“La mia prima reazione è stata quella di pensare che erano corpi speciali della polizia […] Sono stato abbastanza folle da chiedere con voce tremante: ‘chi siete?’ Uno mi ha risposto in francese: ‘Non abbiate paura, non vi faremo male’. E ha sparato un colpo in aria. […] Ancora oggi non riesco a capire che cosa siano venuti a fare quei due assassini nel mio ufficio. Si sono sbagliati o cercavano volevano far piazza pulita di eventuali minacce?”.
La sua testimonianza rimbalza sulla rete cinese ma, paradossalmente, non per il suo contenuto. Wang è stato prima intervistato dalla televisione francese, Tf1 e – solo il 9 gennaio – dalla televisione cinese Cctv. In onda la mattina successiva è stato avvertito da un amico che l’avevano descritto come “l’intervista esclusiva” a un testimone che “ha accettato di essere intervistato solo dopo aver appreso che i due terroristi erano morti”. Un codardo in poche parole. Gli avrebbero anche messo in bocca parole non sue.

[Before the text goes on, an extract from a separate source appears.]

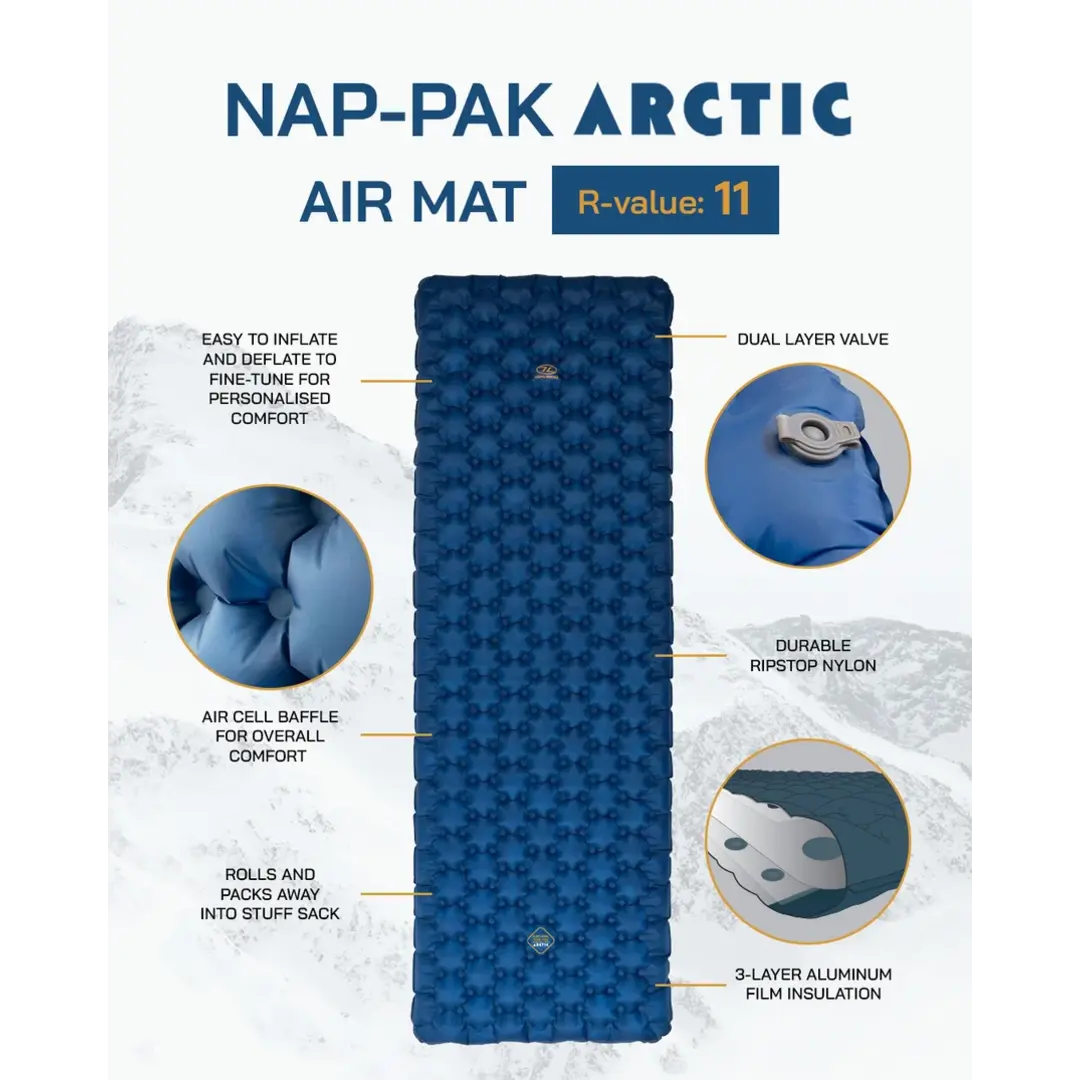 Highlander Nap-Pak Arctic Isomatte – R11 Isolierung, Aufblasbar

In una commovente lettera al settimanale Caixin, Wang ci tiene a far chiarezza sulla situazione. “I miei amici mi avevano messo in guardia sulle interviste, e mia madre mi aveva detto più volte di tenere un profilo basso e, se necessario, di tornare in Cina […] Ma lavoro anch’io nei media e so che il pubblico ha il diritto di sapere. Il primo sparo è avvenuto in mia presenza. Difficilmente potrei giustificare di non esserne stato testimone”.
Secondo gli stessi editori di Caixin, la versione cinese di questa lettera ha ricevuto più commenti di ogni altra storia abbiano mai pubblicato. “Più potente è l’agenzia di notizie, più è facile per i giornalisti agire come registi e sceneggiatori” è quello che li riassume tutti. E ancora: “Ma i giornalisti cinesi sono tutti bugiardi patologici?”. Ecco, è consolante sapere che un attacco terroristico a un giornale satirico può portare un paese come la Cina a criticare liberamente la propria tv di Stato. E, forse, è un esercizio che dovremmo cominciare a fare anche noi.